ComfyUI Extension: Wan22FirstLastFrameToVideoLatent for ComfyUI

Authored by stduhpf

Created

Updated

7 stars

This is a custom node for ComfyUI that can be used to generate videos from either a starting frame, an end frame or both; with the Wan2.2 5B model (which uses the new Wan2.2 VAE, unlike Wan 2.2 A14B model wich uses the old Wan2.1 VAE).

Custom Nodes (0)

    README

    Wan22FirstLastFrameToVideoLatent for ComfyUI

    This is a custom node for ComfyUI that can be used to generate videos from either a starting frame, an end frame or both; with the Wan2.2 5B model (which uses the new Wan2.2 VAE, unlike Wan 2.2 A14B model wich uses the old Wan2.1 VAE).

    Description

    Wan22FirstLastFrameToVideoLatent is designed to be used just like the WanFirstLastFrameToVideo node in ComfyUI, with support for the Wan2.2 VAE.

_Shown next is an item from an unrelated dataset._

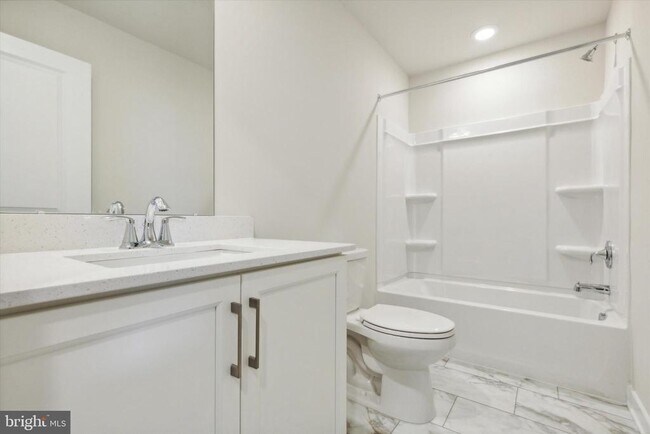 Building Photo - 308 Bennetts Ct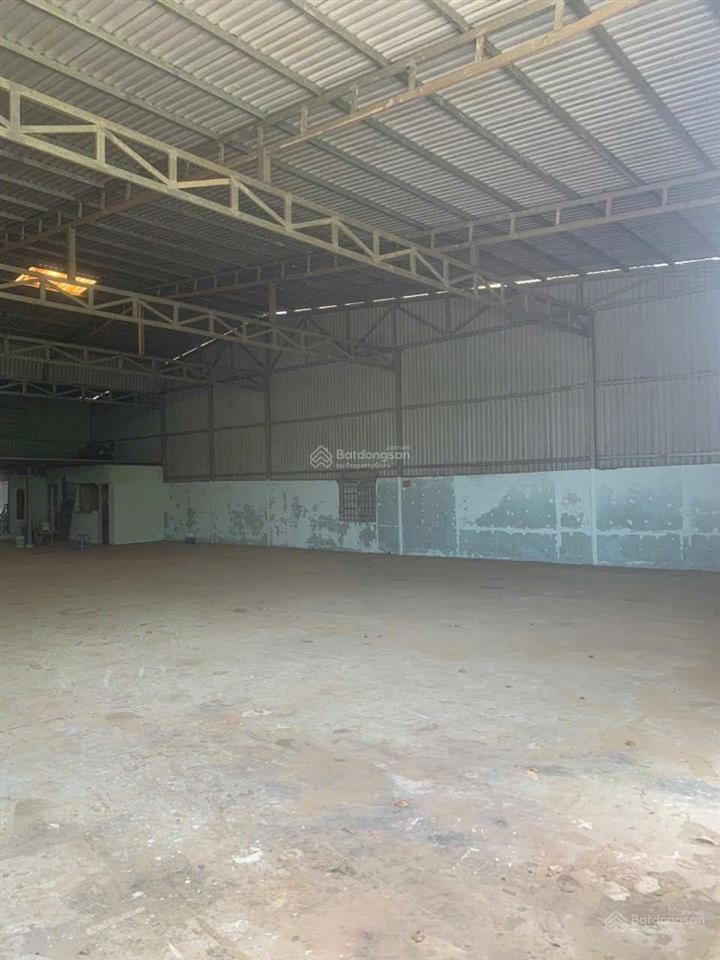 Cho thuê nhà xưởng 400m2 thạnh lộc q12, giá 26tr gần ngã tư ga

    There is also an alternative more experimental node called "Wan22FirstLastFrameToVideoLatent (Tiled VAE encode)" included in this extension. By using a tiled VAE, it significantly reduces the VRAM needed, making it more accessible for users with limited resources. I found it very useful for ComfyUI-zluda, since the VAE is particularly VRAM-hungry there. It can be used as a drop in replacement for the other node.

    If you want to take adventage tiled VAE encoding for other Wan Img2Vid workflows, see here: https://github.com/stduhpf/ComfyUI--WanImageToVideoTiled

    Installation

    To install this node, follow these steps:

    1. Clone this repository into your ComfyUI custom nodes directory.
    2. Restart ComfyUI to load the new node.
    git clone https://github.com/stduhpf/ComfyUI--Wan22FirstLastFrameToVideoLatent.git /path/to/ComfyUI/custom_nodes/Wan22FirstLastFrameToVideoLatent
    

    Usage

    You need to connect the Wan2.2 VAE in the vae input.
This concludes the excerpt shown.